Retinoic acid attenuates ischemia-induced downregulation of 14-3-3 γ in a rat model of stroke

Abstract

Ischemic stroke is a leading cause of death and neurological disability though mechanisms involving oxidative stress and the activation of apoptosis-related pathways. Retinoic acid, an active metabolite of vitamin A, is known for its neuroprotective effects via antioxidant and anti-apoptotic mechanisms. 14-3-3 γ is abundantly expressed in the brain and plays a critical role in maintaining neuronal function and survival. However, the effect of retinoic acid on the expression of 14-3-3 γ protein has not been fully elucidated. The aim of this study was to determine whether retinoic acid regulates the expression of 14-3-3 γ protein in the cerebral cortex of a stroke animal model. Male rats were randomly divided into four groups: phosphate-buffered saline (PBS) + sham, retinoic acid + sham, PBS + middle cerebral artery occlusion (MCAO), and retinoic acid + MCAO. Focal cerebral ischemia was induced using the MCAO method. Retinoic acid (5 mg/kg) or PBS was administered intraperitoneally immediately after MCAO. Neurological deficit scores and corner tests were conducted 24 h after MCAO surgery, and the cerebral cortex was harvested for analysis of 14-3-3 γ expression at the mRNA and protein levels. Neurological assessments showed that retinoic acid treatment significantly alleviated MCAO-induced behavioral impairments. Proteomic analysis revealed that MCAO markedly reduced the expression of 14-3-3 γ protein in the cerebral cortex, whereas retinoic acid administration effectively attenuated this reduction.
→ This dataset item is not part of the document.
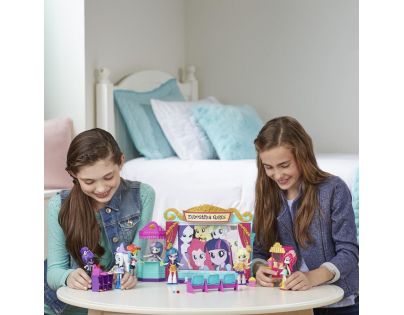Hasbro Equestria Girls Tematický hrací set kino
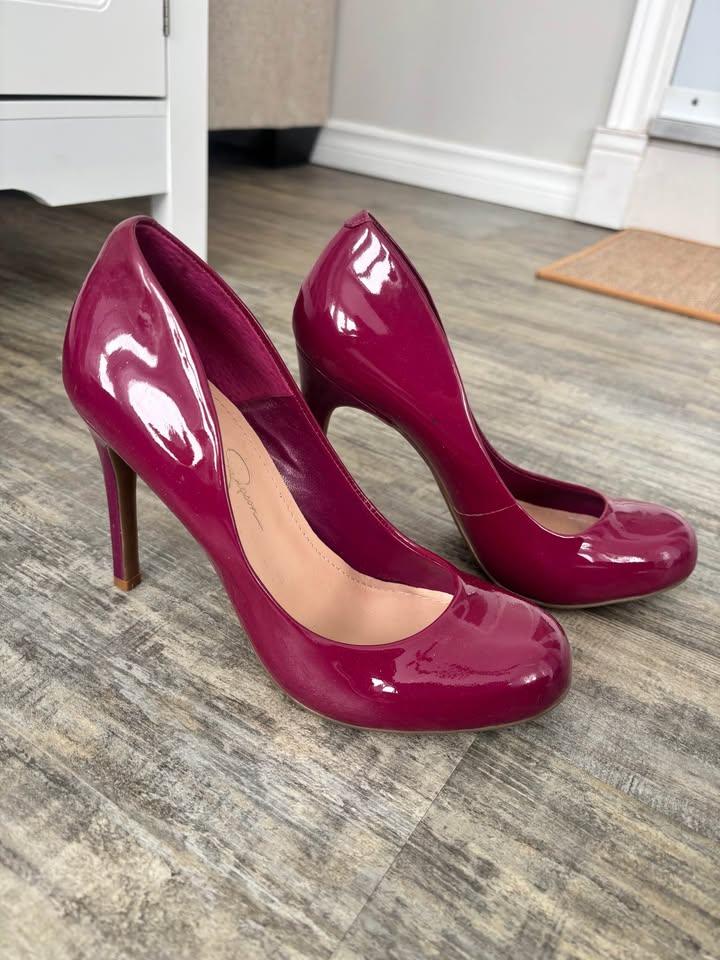 Beautiful size 8 high heels - photo 2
These findings were further supported by reverse transcription-PCR and Western blot analyses, which showed consistent results at both the mRNA and protein levels. Retinoic acid attenuates the ischemia-induced downregulation of 14-3-3 γ expression in the cerebral cortex. Our findings can suggest that retinoic acid exerts neuroprotective effects in ischemic brain injury through the regulation of 14-3-3 γ protein expression.